Romney Rejects Tax Deal

USAToday published an opinion piece by the former governor of Massachusetts today, in which he spells out his issues with the tax deal, among them:

Part of the tax deal is a temporary reduction in payroll taxes. The president was insistent, however, that only the employee’s payroll taxes be reduced — the portion paid by the employer is to remain the same. Again, the president is looking to get more money into the hands of the consumer to boost near-term spending. But by refusing to lower the cost of hiring a new employee, he fails to encourage what the American people want even more than lower taxes — more good jobs. Like the income tax deal, the payroll tax deal will add to the deficit.

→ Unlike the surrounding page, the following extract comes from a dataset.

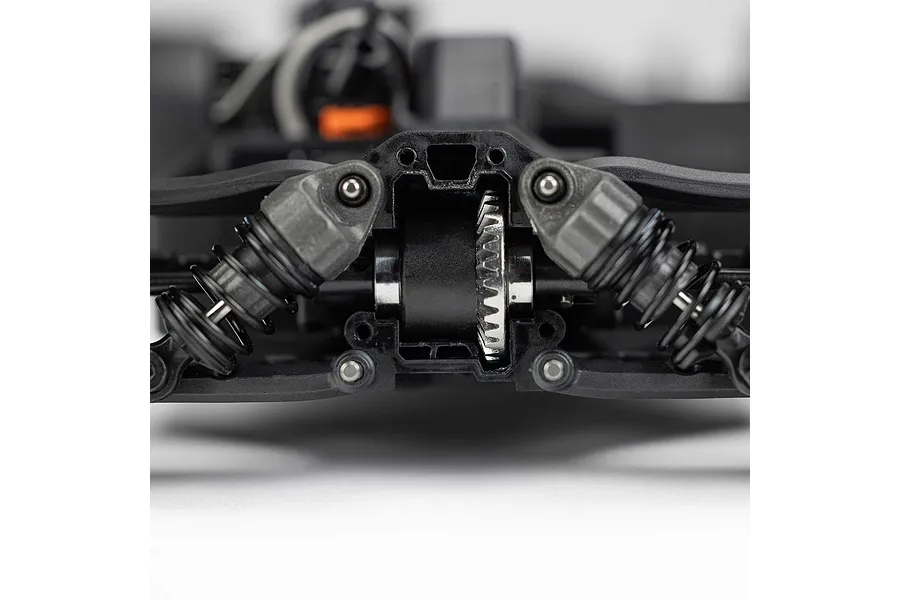 Close-up of the internal gear differential and suspension shock absorbers on the chassis of an ARRMA RC car.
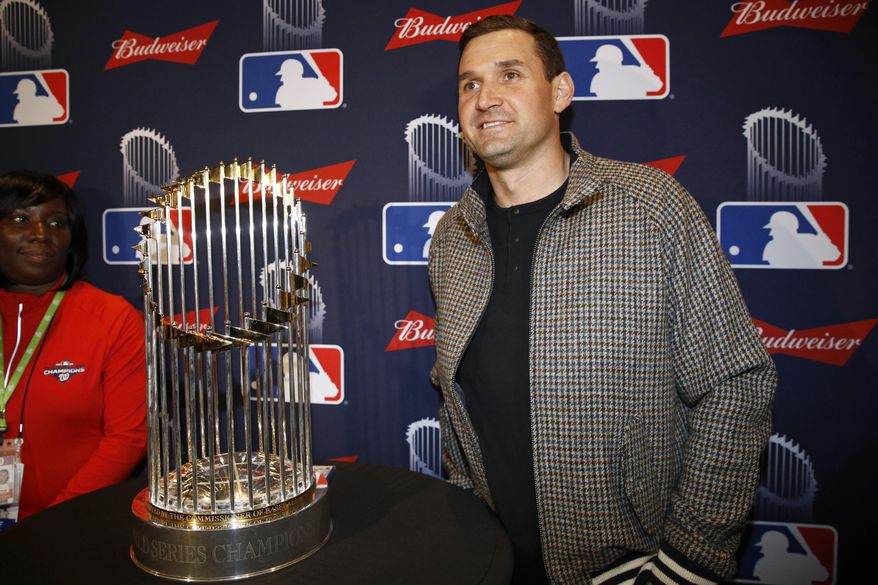 Washington Nationals first baseman Ryan Zimmerman poses with the World Series trophy as he arrives for the premiere of a documentary film on the team's first World Series baseball championship, Monday, Dec. 2, 2019, in Washington. (AP Photo/Patrick Semansky)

This mirrors what I said earlier this month:

The stimulus our economy needs is job creation, and not reducing the employer contribution means the expense of employment will remain the same – as if saving $1000 to $2000 dollars per employee wouldn’t give businesses an opportunity to hire additional workers. Increasing the employment rate would increase revenue to Social Security, but this plan will decrease revenue to a system that is already a massive liability to future generations – to the tune of $10 trillion!

Businesses need an incentive to hire, and this tax deal gives them none. Governor Romney also points out the harm to business in the temporary status of these cuts:

Of course, delay now is better than an immediate tax hike. But because the extension is only temporary, a large portion of the investment and job growth that characteristically accompanies low taxes will be lost. When entrepreneurs and employers make decisions to start or expand an enterprise, uncertainty about tax rates translates directly into a reduced propensity to invest and to hire. With only a two-year extension, investors know that before their returns are realized, tax rates may be jacked up to the levels favored by President Obama. So while the tax deal will succeed in temporarily putting more money in the hands of consumers, it will fail to deliver its full potential for creating lasting growth.

I believe this tax package will do more harm than good – adding to the national debt, and failing to create jobs. It’s good to see that not all conservatives are supportive of this deal, and I’m glad someone with the intelligence and stature of Mitt Romney has spoken up to say so.